Risks Related to Our Operations
•Our development and acquisition projects require substantial capital expenditures. We may be unable to obtain required capital or financing on satisfactory terms, which could lead to a decline in our ability to access or grow production and reserves.
•Drilling for and producing oil and natural gas are high risk activities with many uncertainties that could adversely affect our business, financial condition or results of operations. Additionally, we may not be insured for, or our insurance may be inadequate to protect us against, these risks.
•Many of our properties are in areas that may have been partially depleted or drained by offset wells and certain of our wells may be adversely affected by actions other operators may take when drilling, completing, or operating wells that they own.
•Part of our strategy involves using some of the latest available horizontal drilling and completion techniques, which involve risks and uncertainties in their application.
6

•Our operations are substantially dependent on the availability of water. Restrictions on our ability to obtain water may have an adverse effect on our financial condition, results of operations and cash flows.
•Our ability to produce crude oil, natural gas and NGLs economically and in commercial quantities could be impaired if we are unable to acquire adequate supplies of water for our drilling operations or are unable to recycle or dispose of the produced water we produce in an economical and environmentally safe manner.
•Our producing properties are concentrated in the Permian Basin, making us vulnerable to risks associated with operating in a single geographic area.
•The marketability of our production is dependent upon transportation and other facilities, most of which we do not control. If these facilities are unavailable, or if we are unable to access these facilities on commercially reasonable terms, our operations could be interrupted and our revenues reduced.
•We have entered into multi-year agreements with some of our suppliers, service providers and the purchasers of our oil and natural gas, which contain minimum volume commitments. Any failure by us to satisfy the minimum volume commitments could lead to contractual penalties that could adversely affect our results of operations and financial position.
•The unavailability or high cost of additional drilling rigs, equipment, supplies, personnel and oilfield services could adversely affect our ability to execute our development plans within our budget and on a timely basis.
•We could experience periods of higher costs if commodity prices rise. These increases could reduce our profitability, cash flow and ability to complete development activities as planned.
•We depend upon a small number of significant purchasers for the sale of most of our oil, natural gas and NGL production.
•We may incur losses as a result of title defects in the properties in which we invest.
•Multi-well pad drilling may result in volatility in our operating results.
•We may be unable to make attractive acquisitions or successfully integrate acquired businesses, and any inability to do so may disrupt our business and hinder our ability to grow.
•A security interruption or failure with respect to our information technology systems could harm our ability to effectively operate our business.

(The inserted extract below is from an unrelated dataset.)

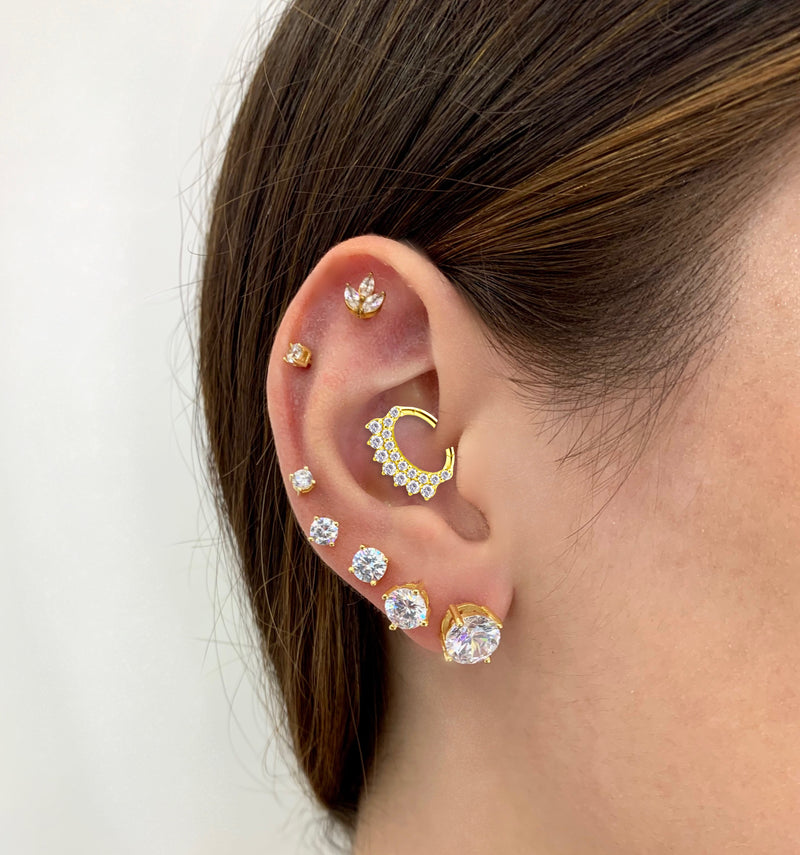 Piercing oval merletto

Risks Related to Our Derivative Transactions, Debt and Access to Capital
•Our derivative activities could result in financial losses or could reduce our earnings.
•Our leverage and debt service obligations may adversely affect our financial condition, results of operations, business prospects and our ability to make payments on our outstanding debt.
•We may not be able to generate sufficient cash to service all of OpCo’s indebtedness and may be forced to take other actions to satisfy OpCo’s obligations under applicable debt instruments, which may not be successful.
•Restrictions in OpCo’s existing and future debt agreements could limit our growth and ability to engage in certain activities.
•If OpCo is unable to comply with the restrictions and covenants in the agreements governing its indebtedness, there could be a default under the terms of these agreements, which could result in an acceleration of payment of funds that OpCo has borrowed.
•Any significant reduction in the borrowing base under OpCo’s revolving credit facility as a result of the periodic borrowing base redeterminations or otherwise may negatively impact our ability to fund our operations.
•If we experience liquidity concerns, we could face a downgrade in our debt ratings which could restrict our access to, and negatively impact the terms of, current or future financings or trade credit.
•Increases in interest rates could adversely affect our business.

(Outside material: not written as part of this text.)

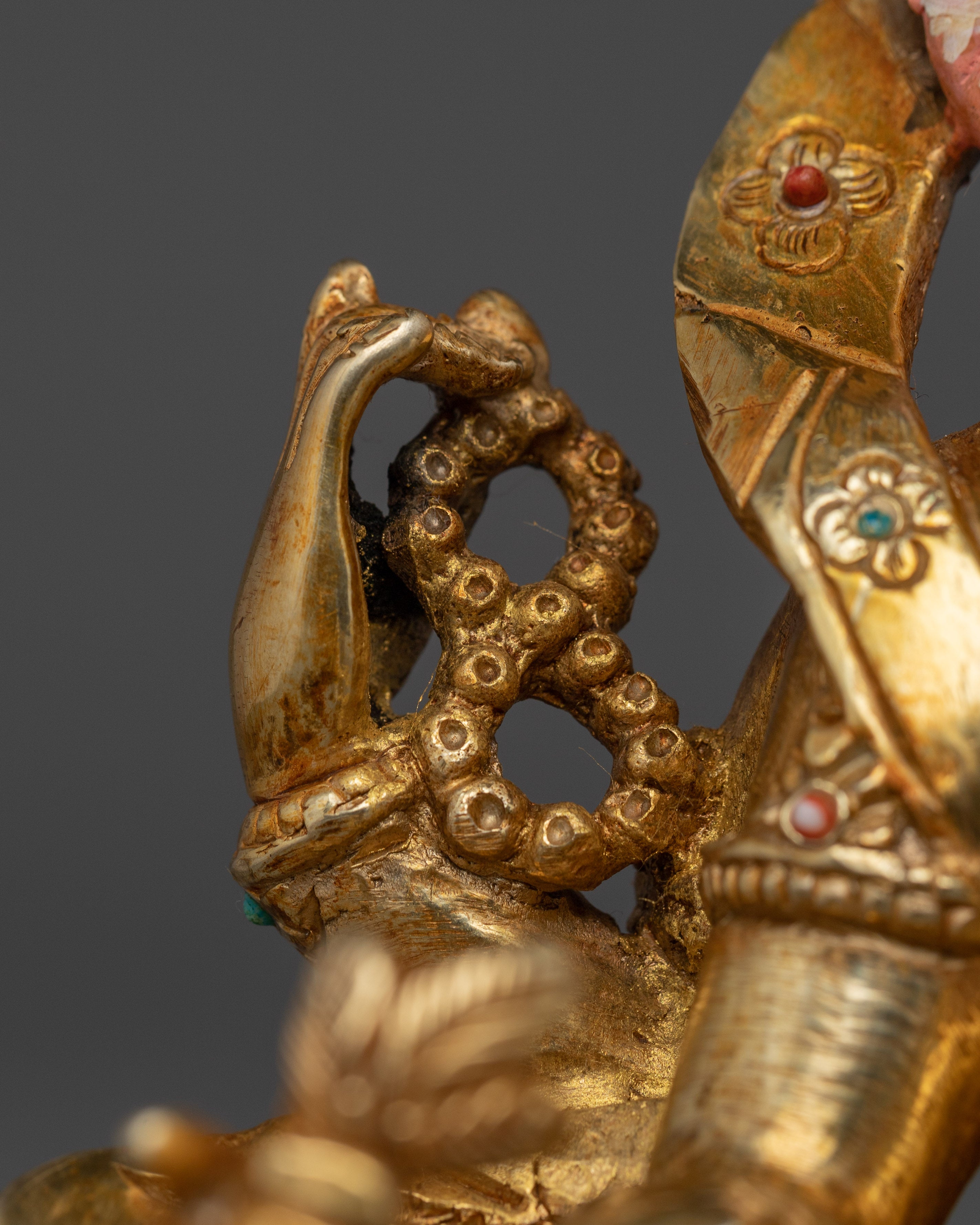 Handcrafted Copper Ganesh Statue | Ideal for Your Altar or Shrine Decor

Risks Related to Legislative and Regulatory Initiatives
•Climate change laws and regulations restricting emissions of GHGs could increase our costs and reduce demand for the oil and natural gas we produce, while potential physical effects of climate change could disrupt our production and cause us to incur significant costs in preparing for or responding to those effects.
•Federal, state and local legislative and regulatory initiatives relating to hydraulic fracturing as well as governmental reviews of such activities could result in increased costs and additional operating restrictions or delays in the completion of oil and natural gas wells and adversely affect our production.
•Conservation measures, technological advances and negative shift in market perception toward the oil and natural gas industry could reduce demand for oil and natural gas.
•Our operations may be exposed to significant delays, costs and liabilities as a result of environmental and occupational health and safety requirements applicable to our business activities.
•Restrictions on drilling activities intended to protect certain species of wildlife may adversely affect our ability to conduct drilling activities in areas where we operate.
7

•A negative shift in investor sentiment towards the oil and natural gas industry and increased attention to environmental, social and governance (“ESG”) and conservation matters may adversely impact our business.
•Any restrictions on oil and natural gas development on federal lands has the potential to adversely impact our operations.
•Tax laws and regulations may change over time, and any such changes could adversely affect our business and financial condition.
•Changes in laws or regulations, or a failure to comply with any laws and regulations, may adversely affect our business, investments and results of operations.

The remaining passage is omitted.